**SUPPLIED DATA**:
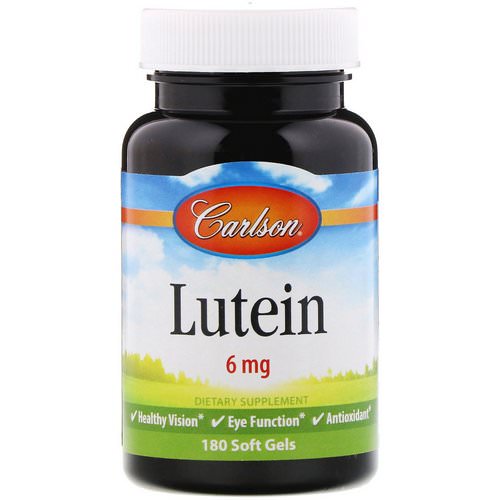 Carlson Labs, Lutein, 6 mg, 180 Soft Gels Review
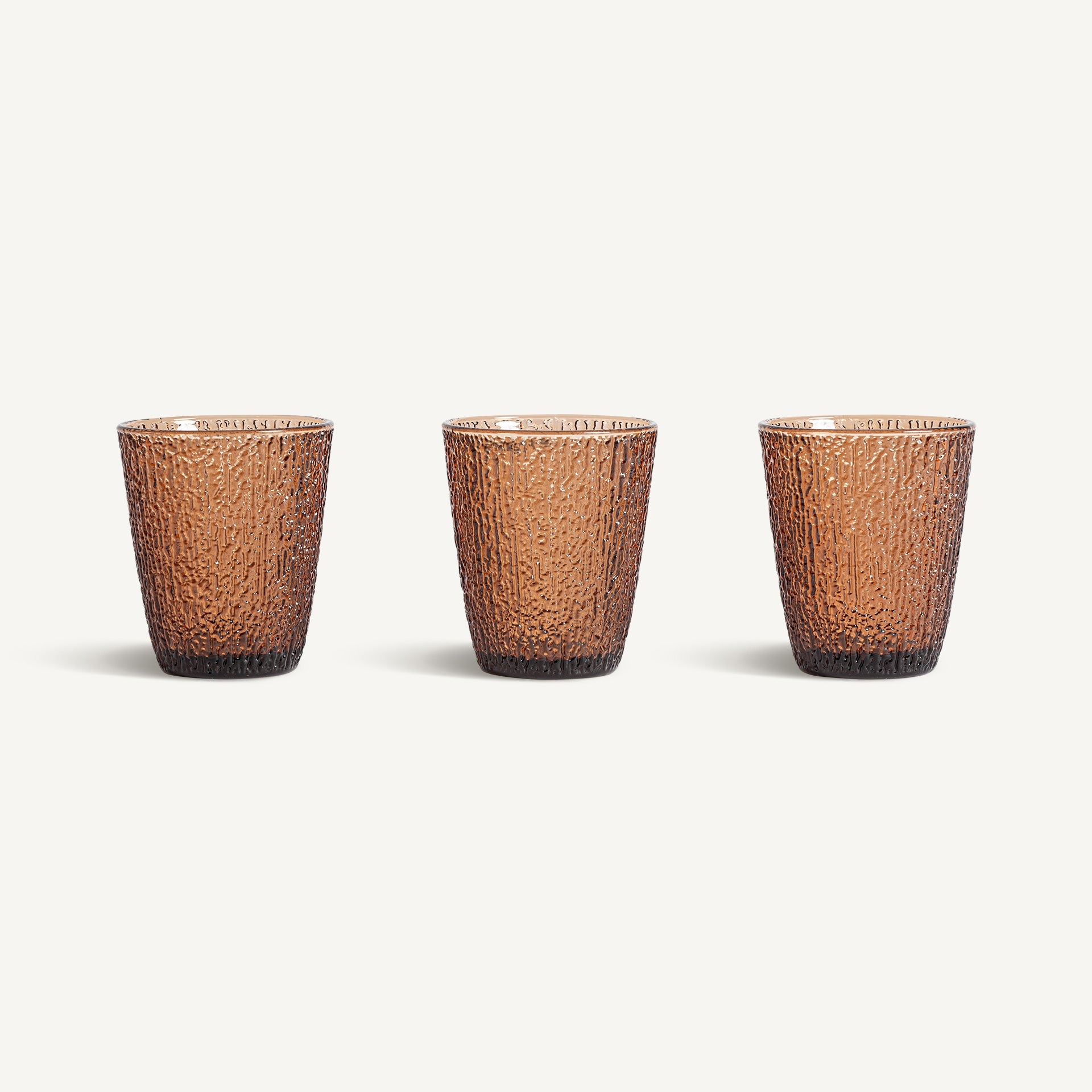 Shama Brown Glass (Set of 3) - Maison Rêves UK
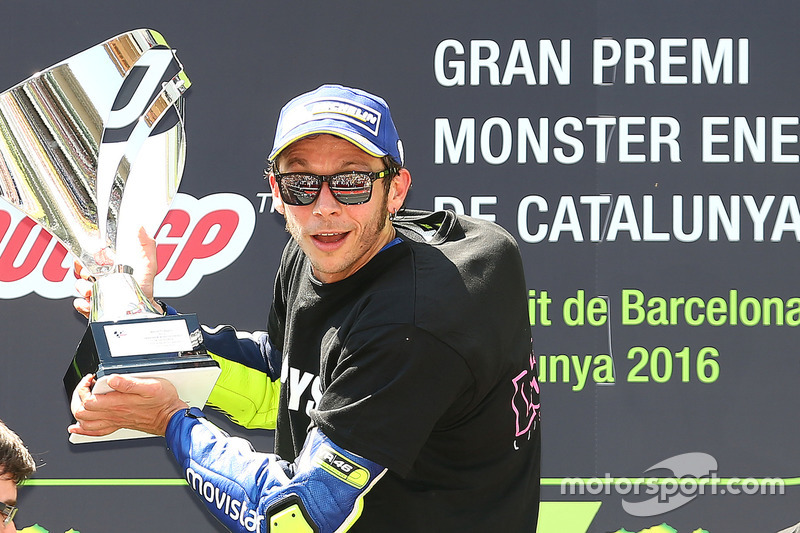 Race winner Valentino Rossi, Yamaha Factory Racing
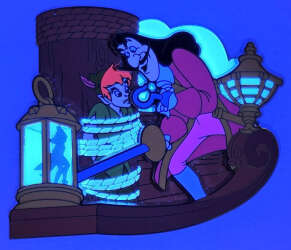 80952 - Disney After Dark Pin Event 2024: Disney Villains Take the Spotlight - Captain Hook and Peter Pan - Walt Disney World alternate image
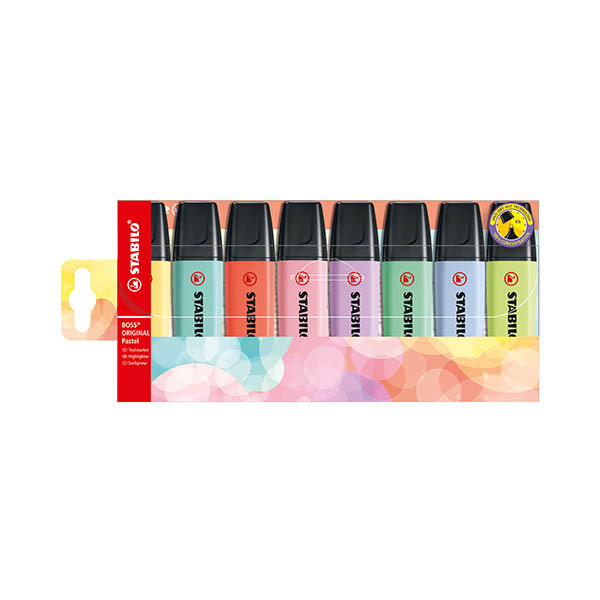 STABILO Boss Original Pastel marcador 8 pieza(s) Punta de cincel Multicolor – imagen 2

**WHAT IS NEEDED**: What is needed is an exact copy of the lines from the one containing "Shama Brown Glass" through the last line of the records, with every picture left out.

**EXPECTED ANSWER**:
 Shama Brown Glass (Set of 3) - Maison Rêves UK
 Race winner Valentino Rossi, Yamaha Factory Racing
 80952 - Disney After Dark Pin Event 2024: Disney Villains Take the Spotlight - Captain Hook and Peter Pan - Walt Disney World alternate image
 STABILO Boss Original Pastel marcador 8 pieza(s) Punta de cincel Multicolor – imagen 2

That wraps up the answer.